Nemours Children's Hospital- YouTube

The Florida Board of Medicine has received about 200 email inquiries about the state’s new telehealth law, with about half coming from out-of-state providers, members of a House health-care panel were told this week. 

But Claudia Kemp, staff director of the Board of Medicine, was hesitant to predict how many out-of-state physicians would register this year and begin caring for Florida patients as allowed under a new telehealth law.

“It takes a while for another state’s law to disseminate out to all the other states. I really can’t predict how much interest there is and what kind of flow we might have of volume of applications,” Kemp said when asked about interest.
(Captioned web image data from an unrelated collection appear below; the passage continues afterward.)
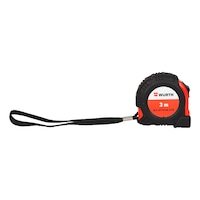 Pocket tape measure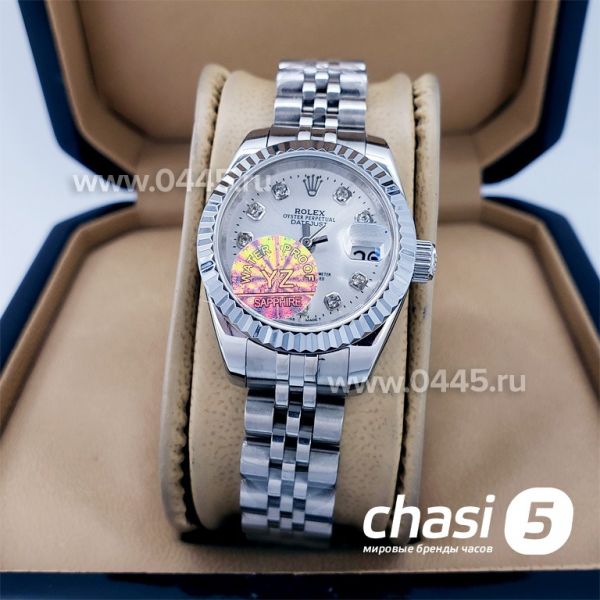 Часы Rolex Datejust (17786) Часы Rolex Datejust (17786)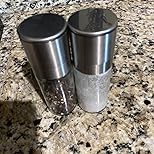 Customer Image, click to open customer review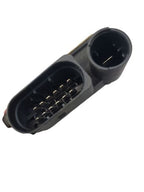 SPRINTV25 2011 Chassis ECM 593910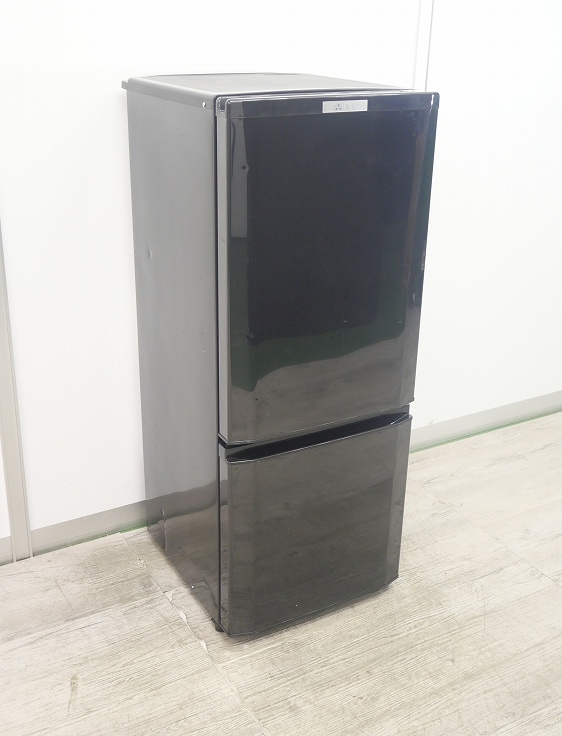 ��ɩ��/2015ǯ��/146L/��¢�����/MR-P15Z-B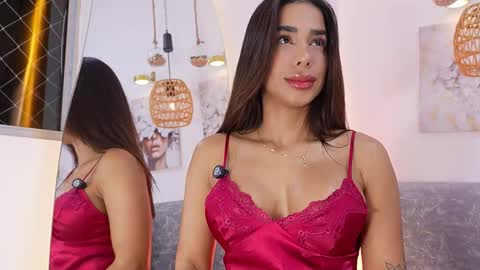 Katie online show from 03.20.26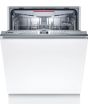 Bosch SMV4HVX38G, Fully-integrated dishwasher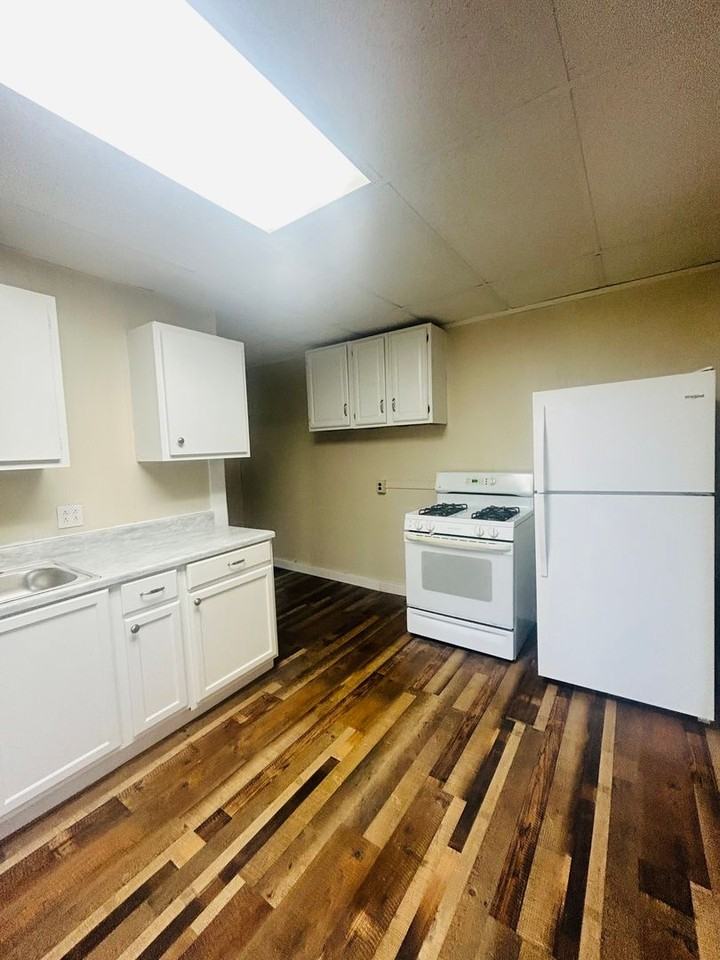 55 Prospect St - Photo 4 of 21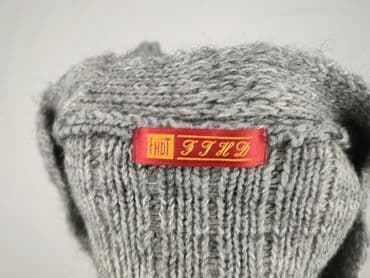 dkny performance swetry: Tunika damska, rozmiar XL — 4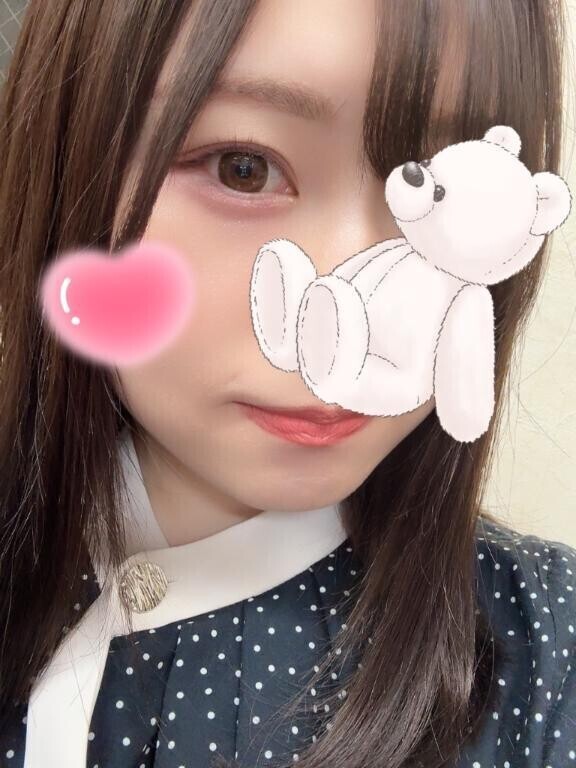 帰宅です🌟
The question came from Rep. Clay Yarborough, a Jacksonville Republican who sponsored the telehealth measure (HB 23) during the spring legislative session. Yarborough also asked a series of questions about the costs of regulation.

Because Gov. Ron DeSantis vetoed another bill (HB 7067), the state’s medical licensing boards cannot charge out-of-state providers any registration costs.

Instead, the costs will be absorbed by existing trust funds, Kemp told Yarborough and other members of the House Health Quality Subcommittee. The balance of the trust funds come from licensing fees that health professionals must pay, as well as fines assessed against providers.

Yarborough inquired about the expected regulatory costs for registrations from out of state, but Kemp said she couldn’t answer the questions because the department hasn’t “started processing any applications.”

The law that passed this spring set up a regulatory framework for telehealth, which involves using the internet and other technology to provide care to patients remotely.